Pumpkin Creek-Mizpah Creek drainage divide northwest of Olive

Figure 8: Pumpkin Creek-Mizpah Creek drainage divide northwest of Olive. United States Geological Survey map digitally presented using National Geographic Society TOPO software.

Figure 8 illustrates the Pumpkin Creek-Mizpah Creek drainage divide area northwest of Olive and includes an overlap area strip with figure 7. Mizpah Creek flows northeast across the figure 8 southeast corner while Pumpkin Creek flows north-northeast across the figure northwest corner. Again Mizpah Creek tributaries from the west are southeast-oriented and Pumpkin Creek tributaries from the east are northwest-oriented. Through valleys link the headwaters of the southeast-oriented Mizpah Creek tributaries with headwaters of the northwest-oriented Pumpkin Creek tributaries. The northwest-southeast oriented drainage alignment and the through valleys are evidence southeast-oriented flood waters using multiple southeast-oriented flow routes or channels, such as might be found in a southeast-oriented anastomosing channel complex, flowed across the region prior to headward erosion of the north-northeast-oriented Pumpkin Creek valley. Headward erosion of the deep north-northeast-oriented Pumpkin Creek valley beheaded the southeast-oriented flood flow routes in sequence, causing reversals of flood flow on the northwest ends of the beheaded flood flow routes. Those reversals of flood flow aided by flood waters captured from yet to be beheaded (by Pumpkin Creek valley headward erosion) southeast-oriented flood flow routes further to the south eroded northwest-oriented tributary valleys to the newly eroded Pumpkin Creek valley and also created the present day Pumpkin Creek-Mizpah Creek drainage divide. Flood waters were subsequently captured by headward erosion of the deep north-northeast-oriented Tongue River valley to the west and rapid erosion of figure 8 region ceased.

Pumpkin Creek-Mizpah Creek drainage divide northwest of Epsie

Figure 9: Pumpkin Creek-Mizpah Creek drainage divide northwest of Epsie. United States Geological Survey map digitally presented using National Geographic Society TOPO software.

Figure 9 illustrates the Pumpkin Creek-Mizpah Creek drainage divide area northwest of Epsie and includes an overlap area with figure 8. Figure 9 illustrates the south end of the Mizpah Creek drainage basin. Mizpah Creek originates southwest of Epsie near Mc Allister Butte. Pumpkin Creek flows northwest across he figure 8 southwest corner and flows northeast across the figure 8 northwest corner. The northwest-oriented Pumpkin Creek valley and its northwest-oriented Dutchman Creek and Reservoir Creek tributaries provide evidence headward erosion of the Pumpkin Creek valley beheaded a southeast-oriented flood flow route carrying flood water directly to the deep northeast oriented Powder River valley.
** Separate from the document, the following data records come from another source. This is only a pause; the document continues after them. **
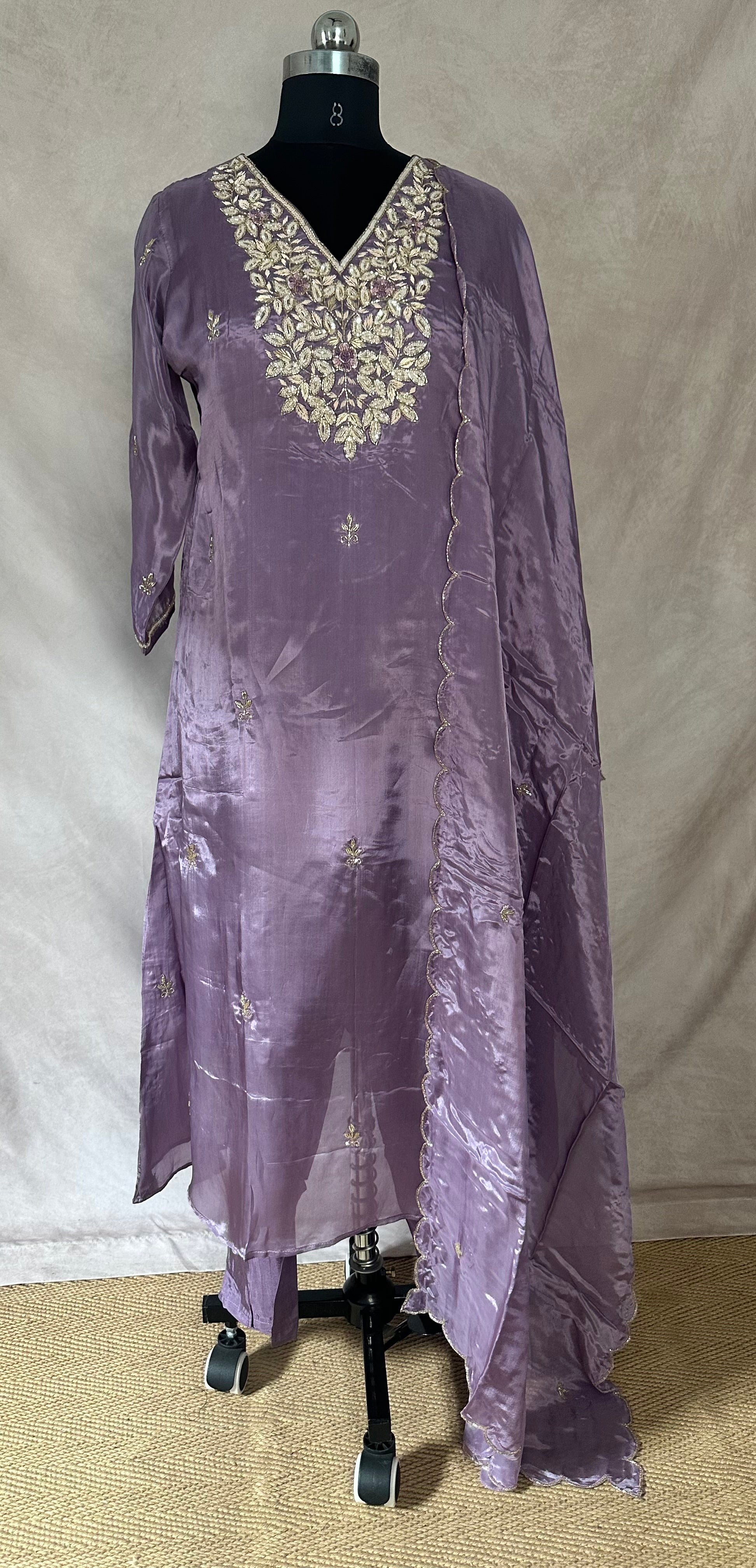 Lilac tissue silk kurti with bottom and dupatta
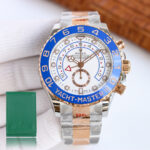 Rolex Yacht Master II 44mm White Dial Blue Ceramic Bezel 904L Steel With Rose Gold 1:1 Best Edition 7750 Movement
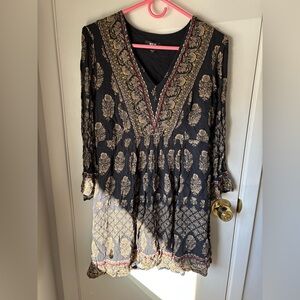 Maeve by Anthropologie Black and Gold Dress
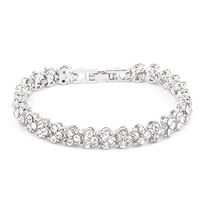 JSPOYOU Bracelets for Women Roman Style Woman Crystal Diamond Bracelets Gifts Silver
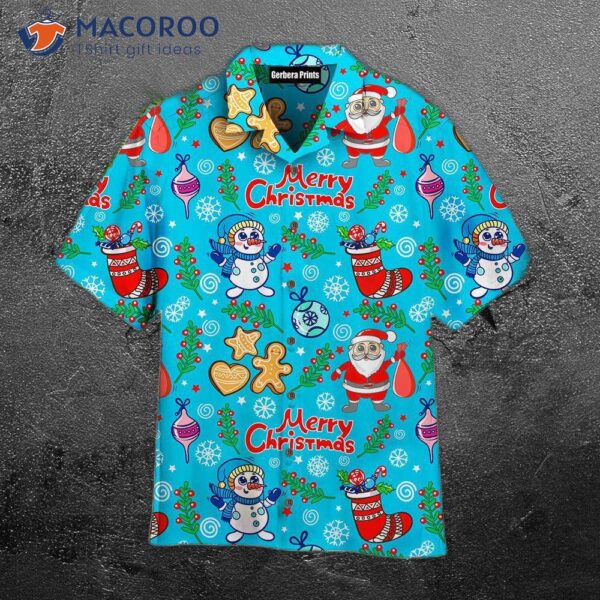 Funny Christmas Hawaiian Shirts With A Blue Pattern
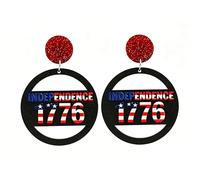 1776-2026 Patriotic Dangle Earrings for Women Men Red White Blue Glitter Number Drop Earrings USA 250th Birthday Anniversary Jewelry, M, Zinc, No Gemstone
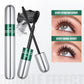 Dual ended waterproof black mascara, silver tube with a fine brush and a dense brush for length and volume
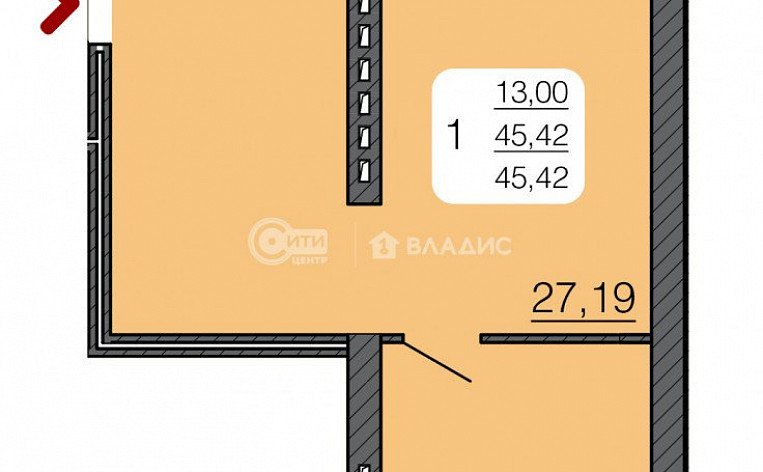 1-комнатная квартира, 45.42 м2, эт. 3, id: 878359, фото 6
That southeast-oriented flood flow channel must have been eroded deep enough that the north-northeast oriented Mizpah Creek valley could not capture the flood flow moving in it, and for that reason headward erosion of the north-northeast oriented Mizpah Creek valley ceased. When Pumpkin Creek beheaded that direct southeast-oriented flood flow route to the Powder River valley, flood waters on the northwest end of the beheaded flood flow route reversed flow direction to flow northwest to the newly eroded northeast- and north-oriented Pumpkin Creek valley. As will be noted in figure 10 the Pumpkin Creek valley did continue to erode a short distance south from this figure 9 location to capture a few more southeast-oriented flood flow routes. Note how the north-northeast-oriented Mizpah Creek valley continued to capture southeast-oriented flood flow routes almost all the way south and southwest to its head.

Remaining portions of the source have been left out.